**Exercise:** The reader should set down exactly the lines from the one containing "living room featuring" through the last line of the material, omitting every picture.

**Material for this exercise:**
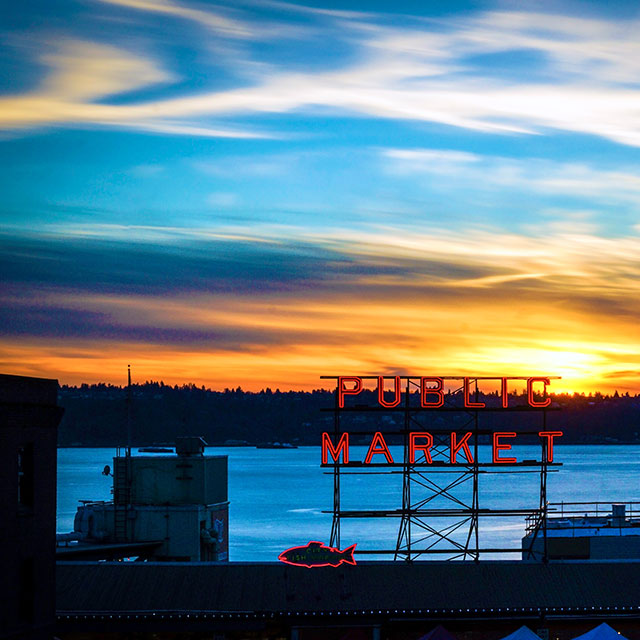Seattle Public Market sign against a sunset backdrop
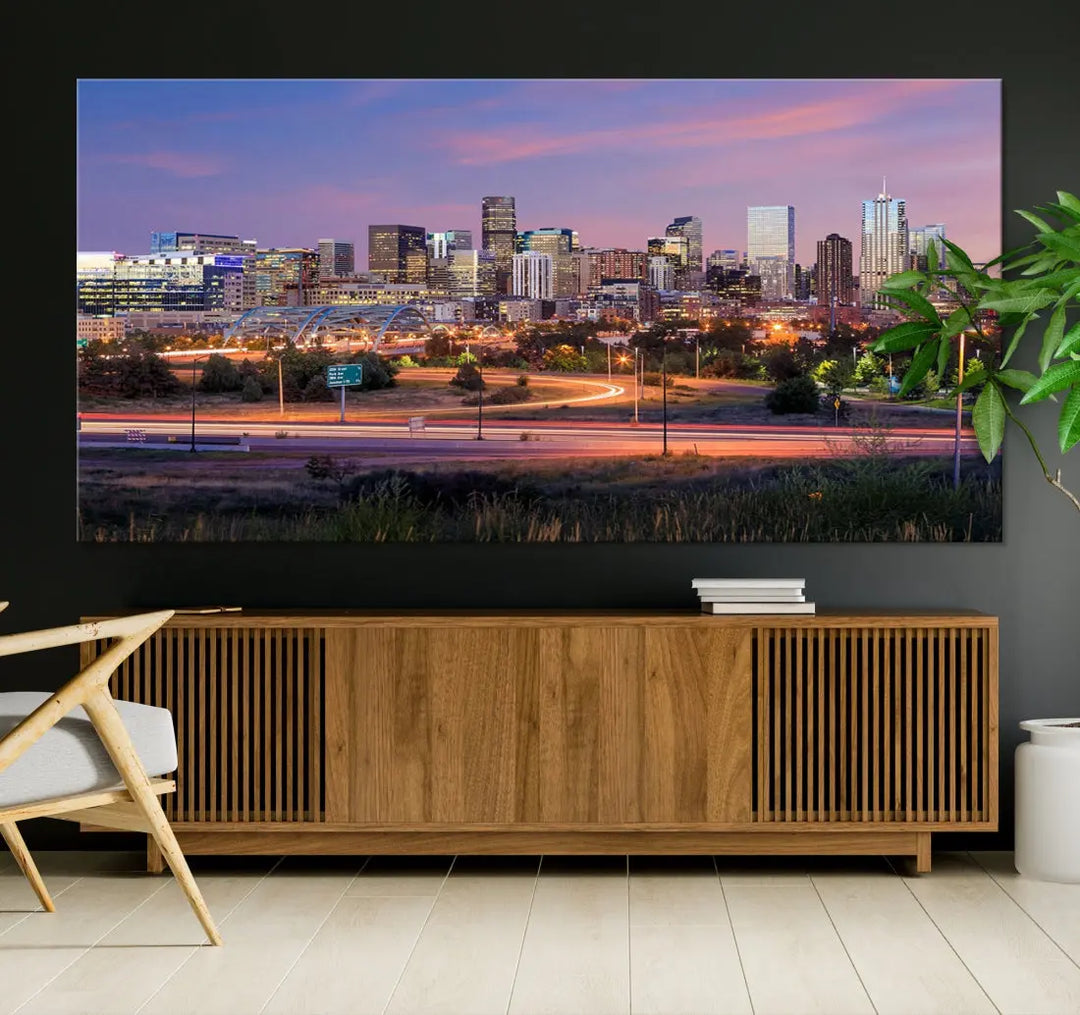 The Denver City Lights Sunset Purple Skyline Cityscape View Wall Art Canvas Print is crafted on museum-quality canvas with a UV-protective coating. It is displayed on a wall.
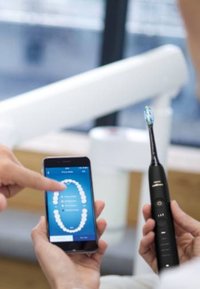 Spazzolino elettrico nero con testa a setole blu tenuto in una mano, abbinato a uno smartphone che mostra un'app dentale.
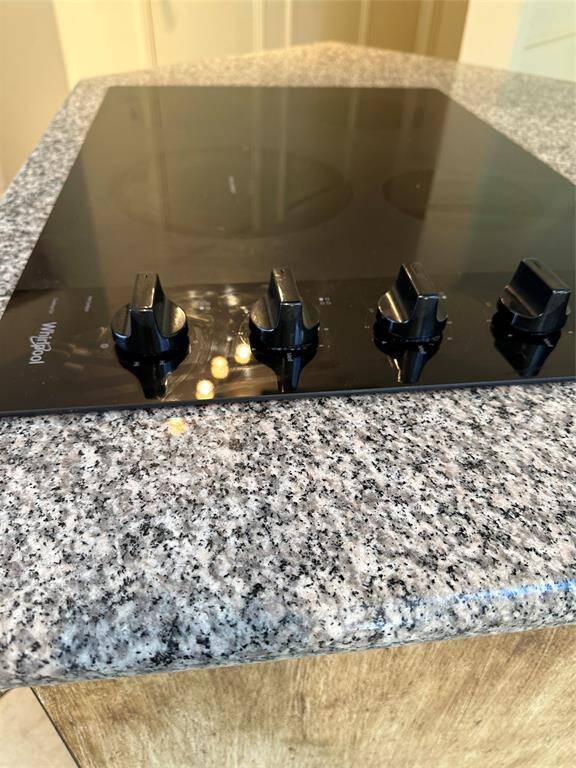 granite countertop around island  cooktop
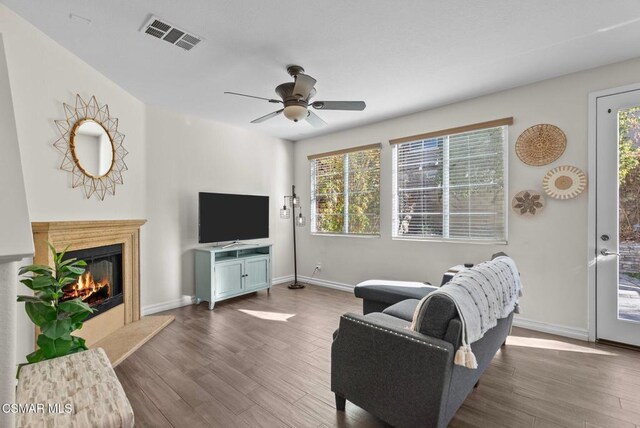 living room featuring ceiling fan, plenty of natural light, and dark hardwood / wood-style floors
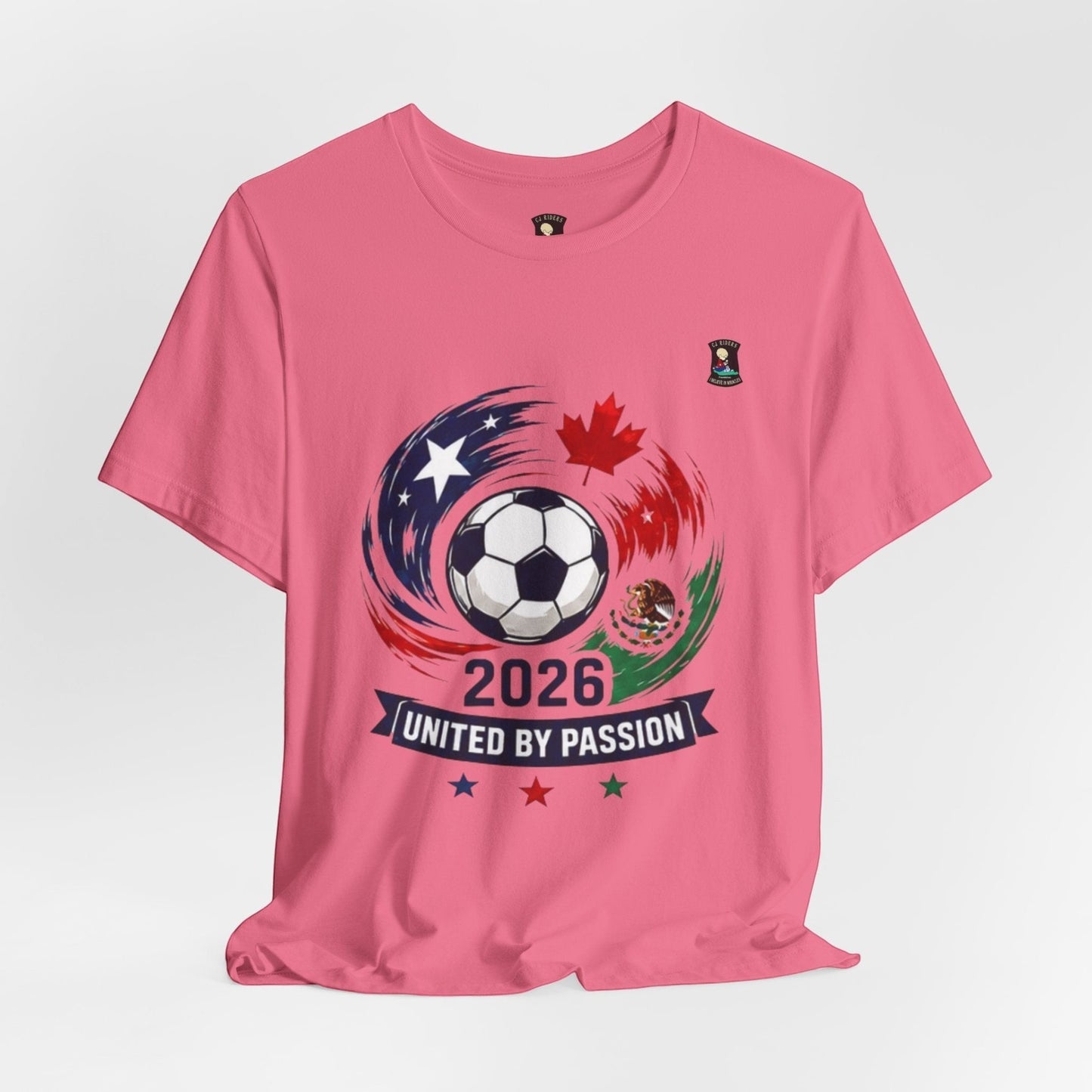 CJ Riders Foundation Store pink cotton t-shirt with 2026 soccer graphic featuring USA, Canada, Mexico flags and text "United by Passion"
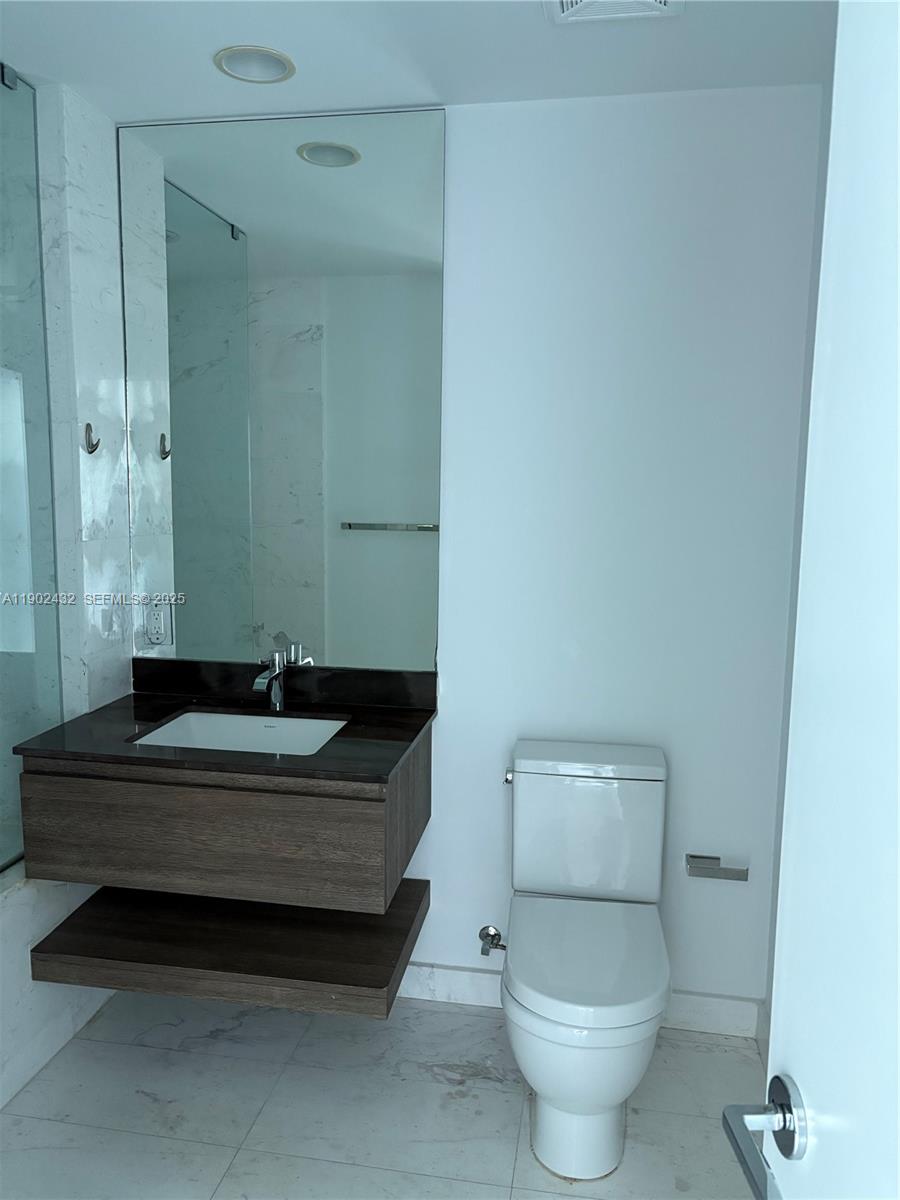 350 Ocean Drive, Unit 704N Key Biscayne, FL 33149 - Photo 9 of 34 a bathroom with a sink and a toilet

**Answer box:**
 living room featuring ceiling fan, plenty of natural light, and dark hardwood / wood-style floors
 CJ Riders Foundation Store pink cotton t-shirt with 2026 soccer graphic featuring USA, Canada, Mexico flags and text "United by Passion"
 350 Ocean Drive, Unit 704N Key Biscayne, FL 33149 - Photo 9 of 34 a bathroom with a sink and a toilet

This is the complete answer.